What you return should be the line containing "купити - фото" and each line after it to the end of the records, copied exactly.

◆ ◆ ◆

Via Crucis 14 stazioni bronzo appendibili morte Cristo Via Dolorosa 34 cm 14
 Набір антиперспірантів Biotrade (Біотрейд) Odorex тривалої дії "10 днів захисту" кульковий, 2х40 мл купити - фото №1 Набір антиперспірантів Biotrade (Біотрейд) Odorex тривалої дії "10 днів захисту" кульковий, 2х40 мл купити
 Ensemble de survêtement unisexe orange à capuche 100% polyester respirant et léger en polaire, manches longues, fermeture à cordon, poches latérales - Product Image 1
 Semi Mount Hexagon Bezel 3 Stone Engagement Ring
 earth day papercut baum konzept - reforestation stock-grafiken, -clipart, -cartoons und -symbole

◆ ◆ ◆

**Task response**:
 Набір антиперспірантів Biotrade (Біотрейд) Odorex тривалої дії "10 днів захисту" кульковий, 2х40 мл купити - фото №1 Набір антиперспірантів Biotrade (Біотрейд) Odorex тривалої дії "10 днів захисту" кульковий, 2х40 мл купити
 Ensemble de survêtement unisexe orange à capuche 100% polyester respirant et léger en polaire, manches longues, fermeture à cordon, poches latérales - Product Image 1
 Semi Mount Hexagon Bezel 3 Stone Engagement Ring
 earth day papercut baum konzept - reforestation stock-grafiken, -clipart, -cartoons und -symbole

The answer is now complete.